- Date: December 27, 2019
- Season: 2019
- Stadium: Yankee Stadium
- Location: The Bronx, New York, New York
- MVP: Brian Lewerke (QB, Michigan State)
- Favorite: Michigan State by 3.5
- Referee: Cooper Castleberry (Big 12)
- Attendance: 36,895
- Payout: US$4,400,000

United States TV coverage
- Network: ESPN & ESPN Radio
- Announcers: ESPN: Adam Amin (play-by-play) Matt Hasselbeck (analyst) Paul Carcaterra (sideline) ESPN Radio: Chris Carlin (play-by-play) Jack Ford (analyst) C.J. Papa (sideline)

= 2019 Pinstripe Bowl =

Postseason college football bowl game

The 2019 Pinstripe Bowl was a college football bowl game played on December 27, 2019, with kickoff at 3:20 p.m. EST on ESPN. It was the 10th edition of the Pinstripe Bowl, and one of the 2019–20 bowl games concluding the 2019 FBS football season.

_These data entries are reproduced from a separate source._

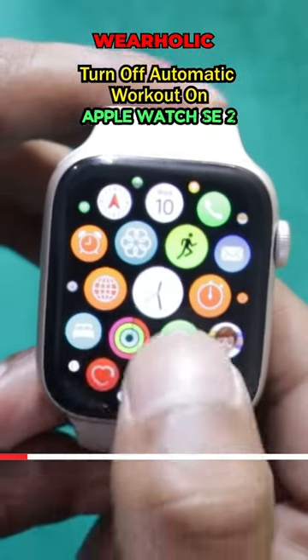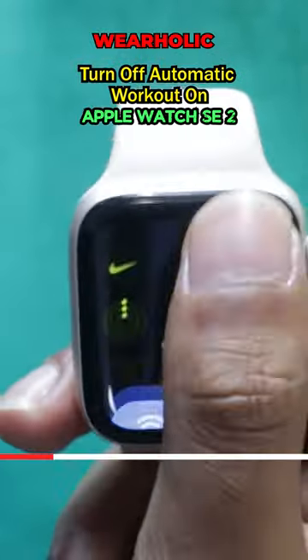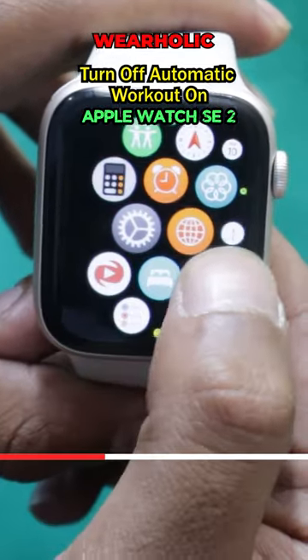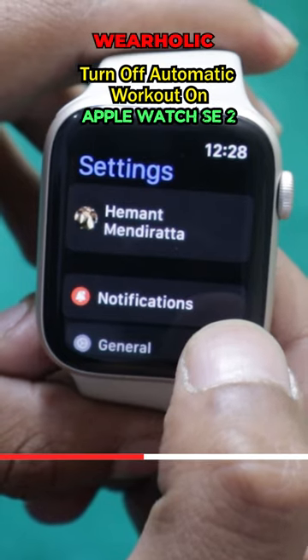Today I am going to be talking about how to turn off automatic workout detection on Apple Watch. Just open the Settings on your Apple Watch SE2. Now scroll below and look for Workout settings.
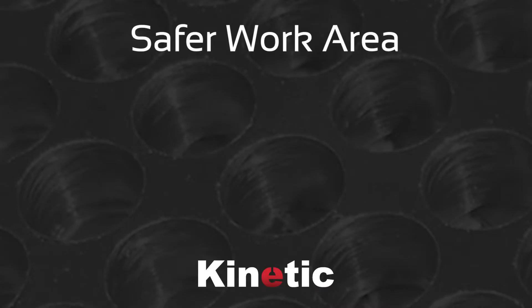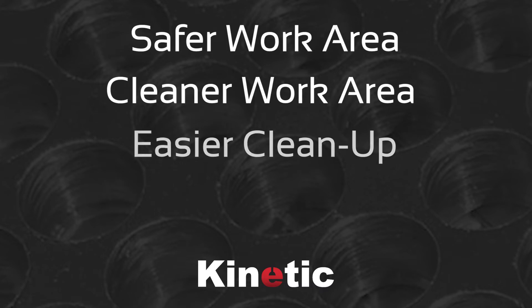All of this leads to a safer and cleaner work area, faster cleanup, and keeps the machine running. If you have any questions feel free to reach out to us. Thanks for watching.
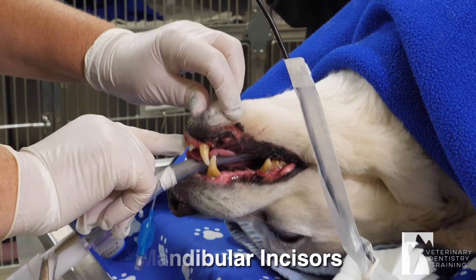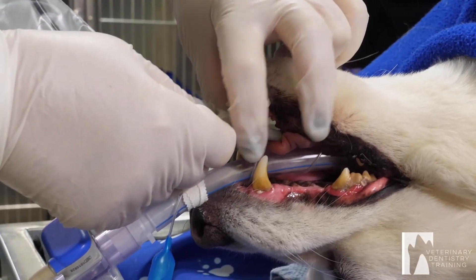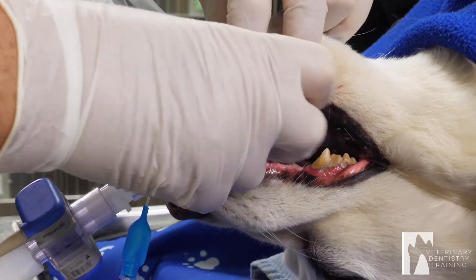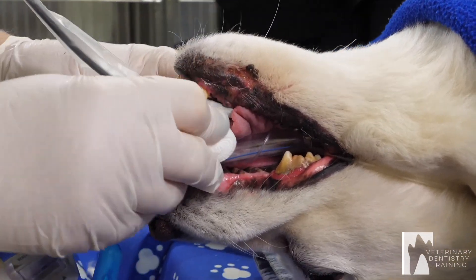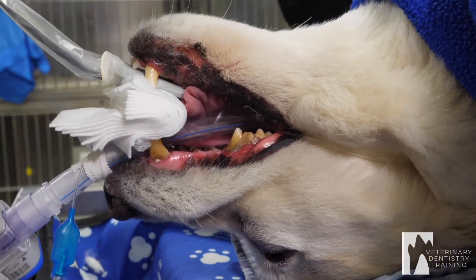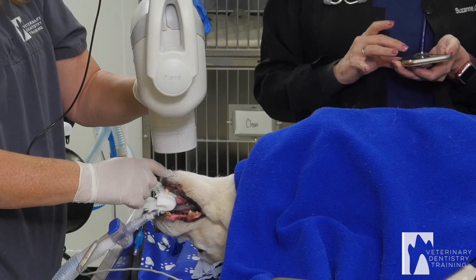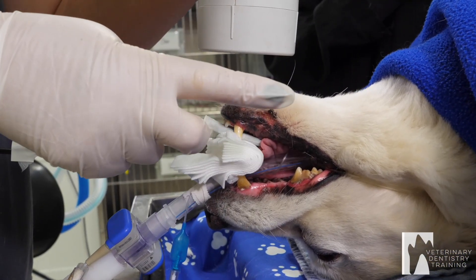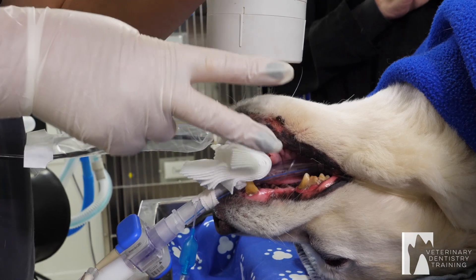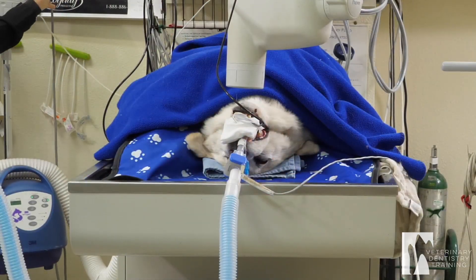I'm going to do incisors first. I'm going to put the sensor just in front of the teeth that I'm shooting. Put gauze to stabilize it. I'm going to come down centering on the roots — it's a peace sign looking at it from this direction. The bottom finger is the sensor, the top is the angle of the x-ray head. I'm going to x-ray.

Sponsored by the New Era Cap Company, the game was officially known as the New Era Pinstripe Bowl.

==Teams==
The game was played between the Michigan State Spartans from the Big Ten Conference and the Wake Forest Demon Deacons from the Atlantic Coast Conference (ACC). This was the first time that the two programs played against each other.

===Michigan State Spartans===

Michigan State entered the game with a 6–6 record (4–5 in conference). The Spartans finished in fifth place of the East Division of the Big Ten. Michigan State began their regular season 4–1, then lost five in a row (four of the losses were to ranked teams) before finishing with two wins.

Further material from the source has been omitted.